Skepsis gegenüber den Versprechen einer zentralen Regierung, Vertrauen auf die Kompetenz des privaten Unternehmertums und die moralische Integrität einer vielfältigen Zivilgesellschaft und zugleich überwältigendes Misstrauen gegenüber dem Kapitalismus: Wie kann das zusammenpassen?
Das Trust Barometer zeigt eindeutig, dass der Begriff Kapitalismus mittlerweile für viele Menschen einfach nicht mehr die Grundpfeiler einer liberalen Wirtschaftsordnung beschreibt, denen sie immer noch vertrauen. Anders als während des Kalten Krieges steht der Begriff Kapitalismus nicht mehr für die positiven Errungenschaften des Westens – Machtverteilung, Privateigentum und bürgerschaftliches Engagement. Er steht für einen Staat, der mehr und mehr Macht über das Wirtschaftsgeschehen übernommen hat. Diese Macht haben „crony capitalists“ – Korporatisten – für sich entdeckt und setzen alle Hebel in Bewegung um sie zu beeinflussen.
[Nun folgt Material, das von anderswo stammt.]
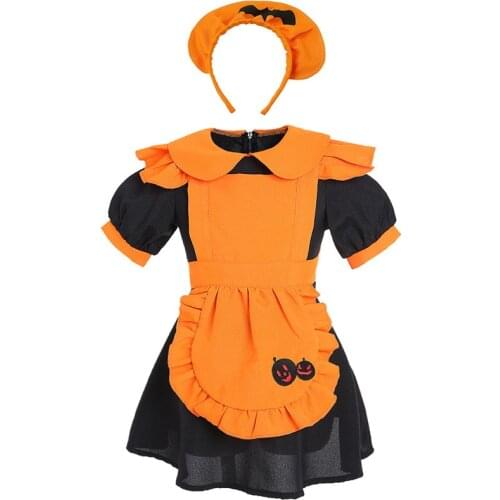 Halloween Costume Party Dress Up Costume pumpkin costume Ghost Festival theme party children orange bat maid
Kapitalismus steht für VW, Banken und Pharma. Er steht nicht mehr für den Aufstieg von hunderten Millionen Menschen aus der extremen Armut in den letzten 30 Jahren, sondern für Politiker und Konzernlenker, die vor verschneiten Bergen stehen und sich zur nächsten Runde von Subventionen und Kungelei beglückwünschen.
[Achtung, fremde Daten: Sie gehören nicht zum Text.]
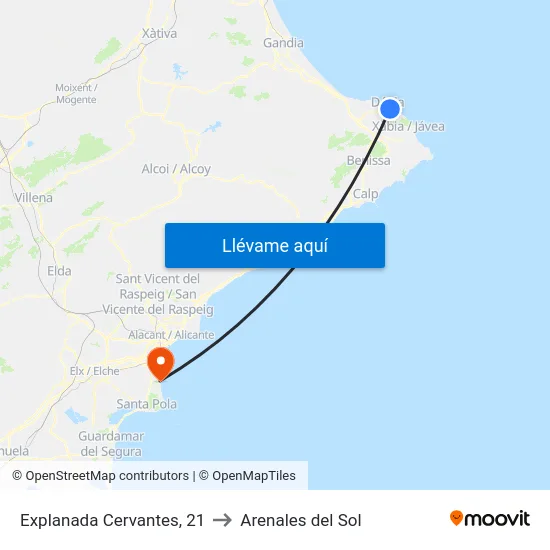 Explanada Cervantes, 21 to Arenales del Sol map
Deshalb sollten wir keine Schnellschüsse aus der Kapitalismusskepsis ziehen. Die Daten aus der Edelman Studie geben uns Hoffnung, dass die Grundpfeiler der liberalen Wirtschafts- und Gesellschaftsordnung weiterhin großes Vertrauen in der Gesellschaft genießen – nur wird dieses Set an Werten und Institutionen eben nicht mehr durch den Begriff Kapitalismus beschrieben.